▸ **SOURCE MATERIAL**
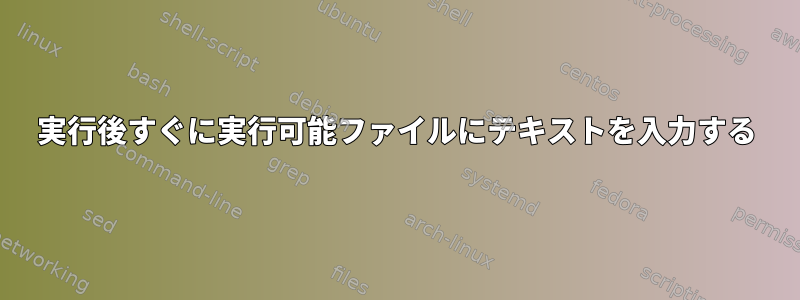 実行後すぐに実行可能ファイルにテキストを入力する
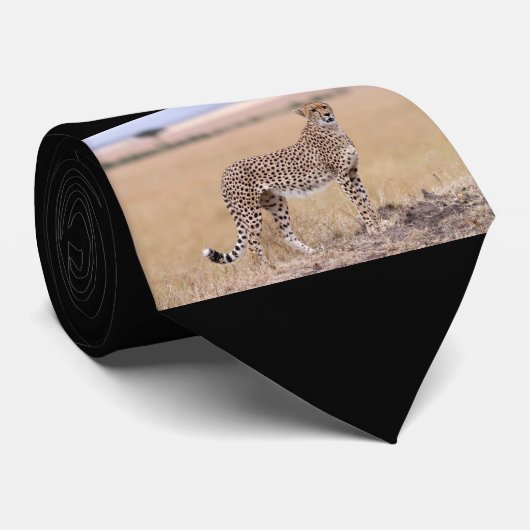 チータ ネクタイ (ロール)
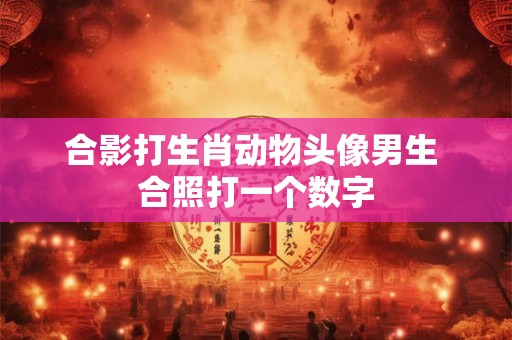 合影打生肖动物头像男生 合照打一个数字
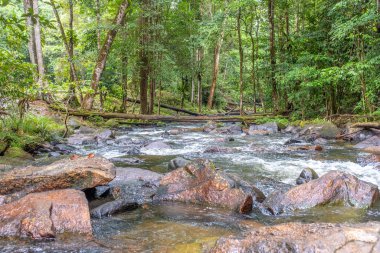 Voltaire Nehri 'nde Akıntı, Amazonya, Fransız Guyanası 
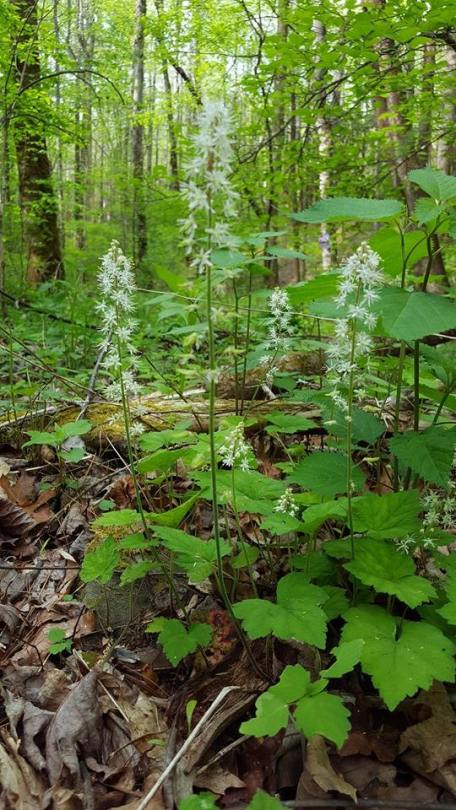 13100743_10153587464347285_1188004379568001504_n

--

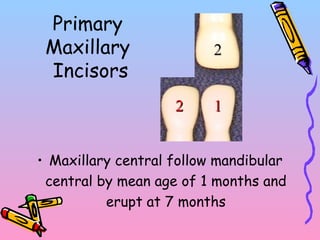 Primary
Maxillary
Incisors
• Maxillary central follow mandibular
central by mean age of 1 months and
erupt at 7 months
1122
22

▸ **WHAT TO DO**
Starting at the line containing "合影打生肖动物头像男生 合照打一个数字" and stopping at the line containing "13100743_10153587464347285_1188004379568001504_n", output each line exactly as it appears above. Leave out the pictures.

▸ **EXERCISE ANSWER**
 合影打生肖动物头像男生 合照打一个数字
 Voltaire Nehri 'nde Akıntı, Amazonya, Fransız Guyanası 
 13100743_10153587464347285_1188004379568001504_n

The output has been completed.